- _Task brief_: Make an exact copy of the records below, excluding images.
** Opening Dataset records block **
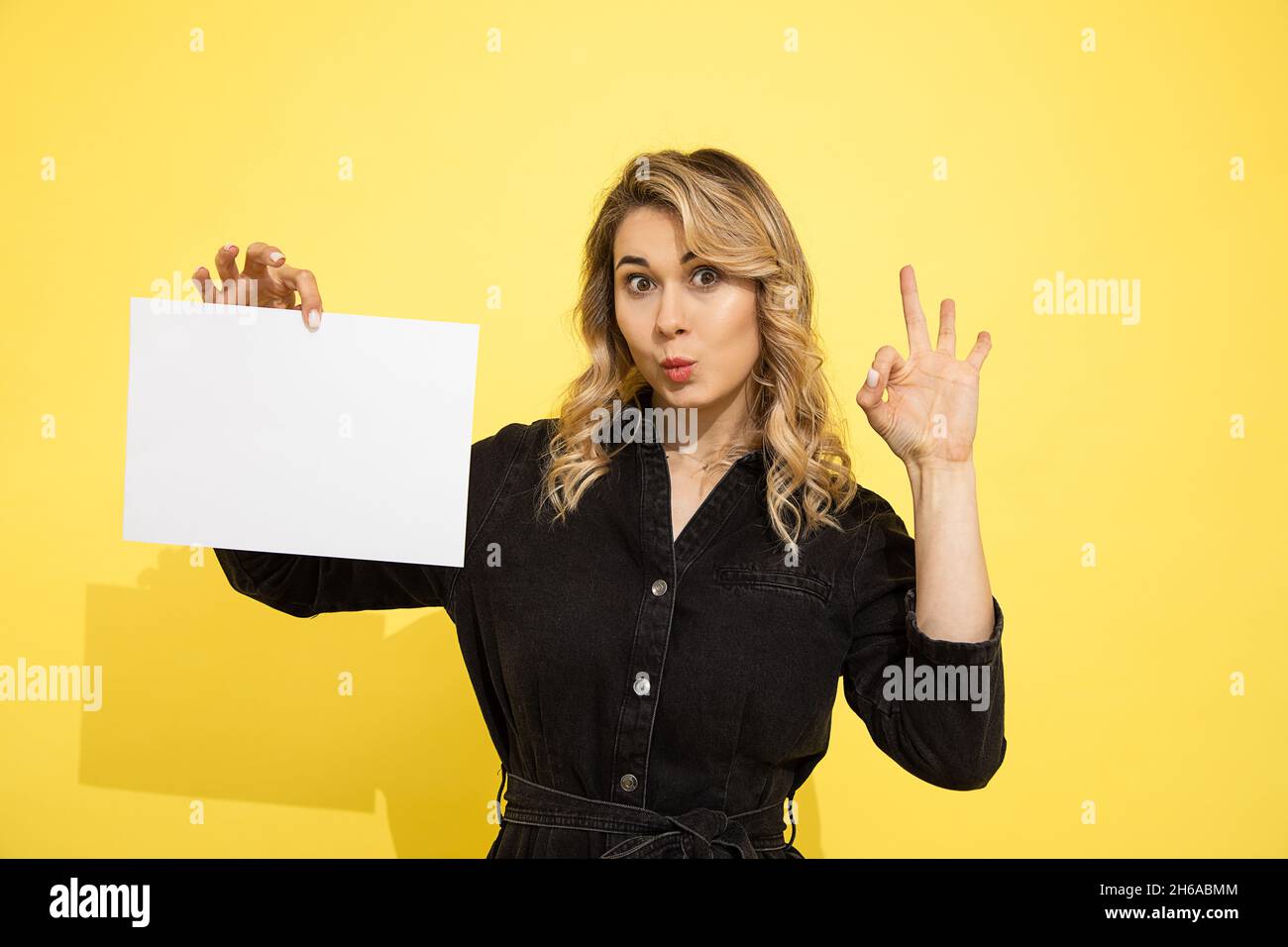 giovane bella donna bionda in abito nero contiene foglio vuoto per l'iscrizione su sfondo giallo in mani puntate con le dita segno ok, sorride e. Foto Stock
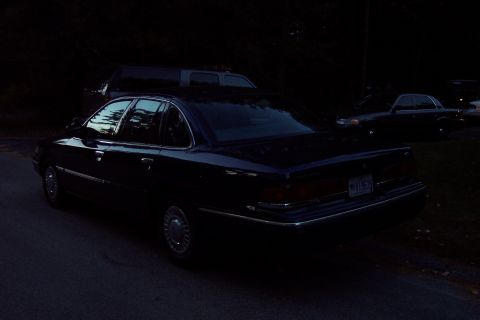 1991 Ford LTD Crown Victoria - A dark sedan is parked on the side of the road, with another vehicle visible in the background.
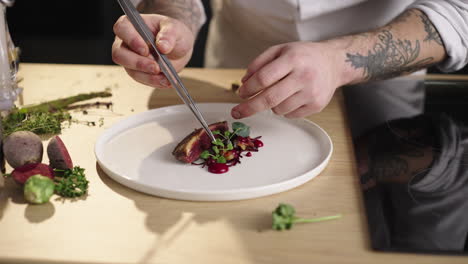 chef plating gourmet duck dish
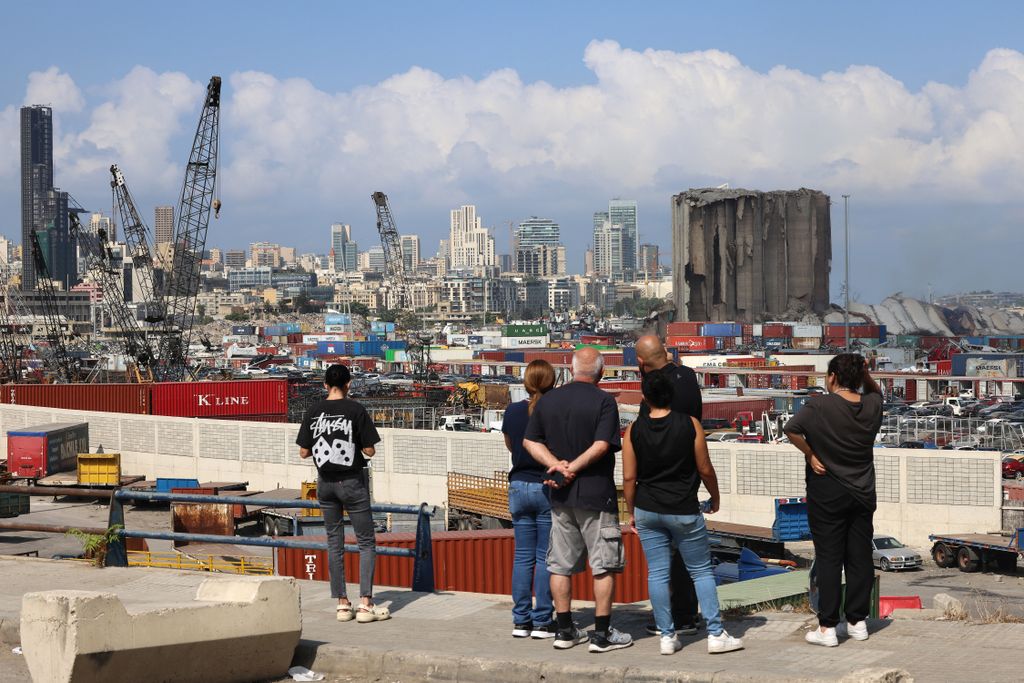 Horizontal People standing outside the port of Lebanon's capital Beirut look at the newly-collapsed northern section of the grain silos, which were previously partly destroyed by the 2020 port explosion, inside the port on August 23, 2022. (Photo by JOSEP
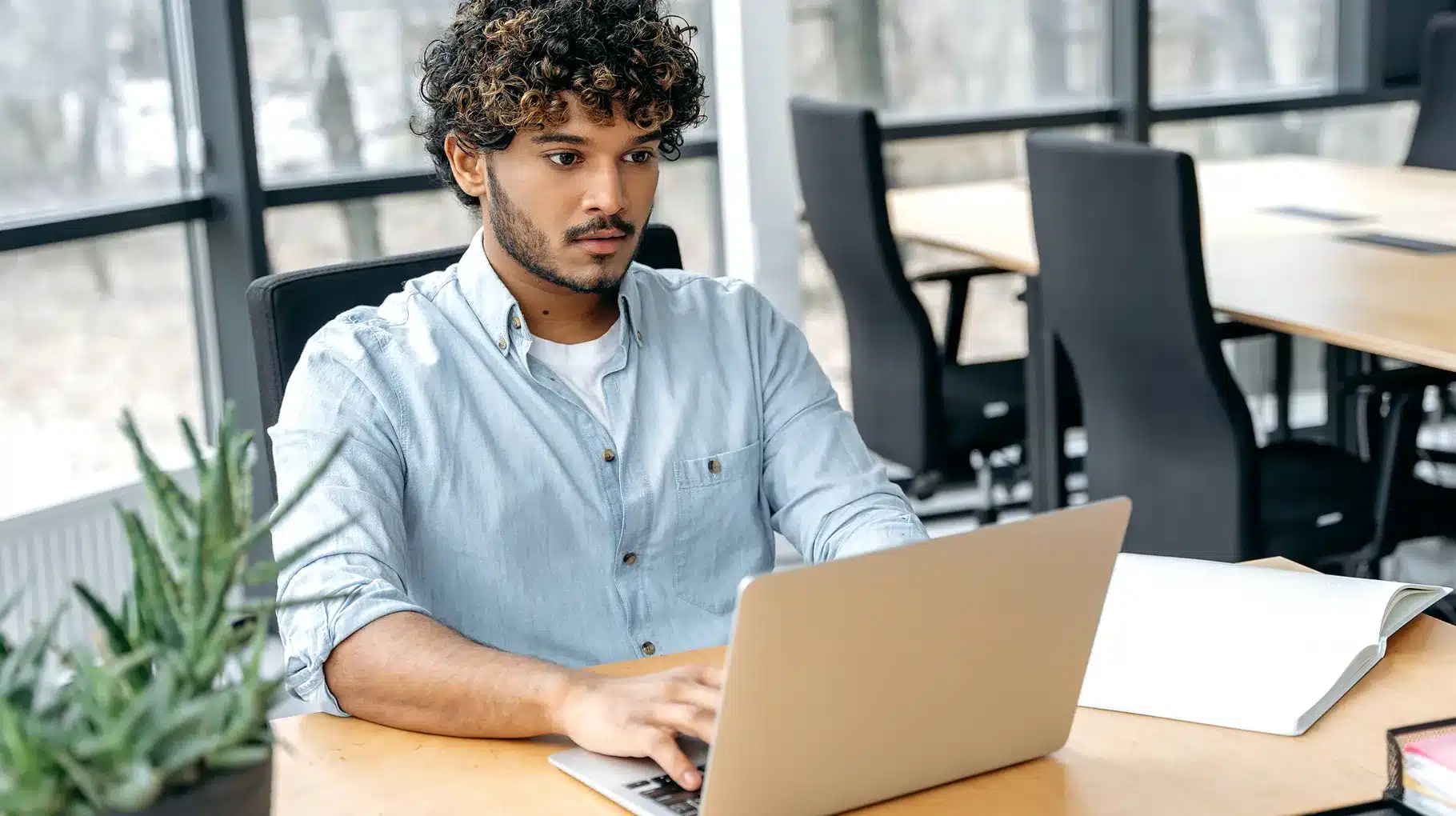 A man sitting at a desk, focused on his laptop, with a notepad and pen beside him.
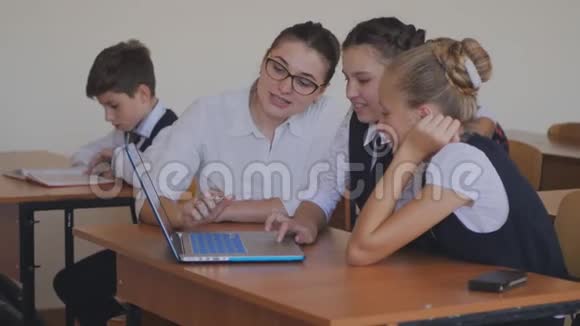 老师帮助学生在笔记本电脑上完成任务计算机课上的课视频的预览图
** Closing Dataset records block **
- _Exercise output_:
 giovane bella donna bionda in abito nero contiene foglio vuoto per l'iscrizione su sfondo giallo in mani puntate con le dita segno ok, sorride e. Foto Stock
 1991 Ford LTD Crown Victoria - A dark sedan is parked on the side of the road, with another vehicle visible in the background.
 chef plating gourmet duck dish
 Horizontal People standing outside the port of Lebanon's capital Beirut look at the newly-collapsed northern section of the grain silos, which were previously partly destroyed by the 2020 port explosion, inside the port on August 23, 2022. (Photo by JOSEP
 A man sitting at a desk, focused on his laptop, with a notepad and pen beside him.
 老师帮助学生在笔记本电脑上完成任务计算机课上的课视频的预览图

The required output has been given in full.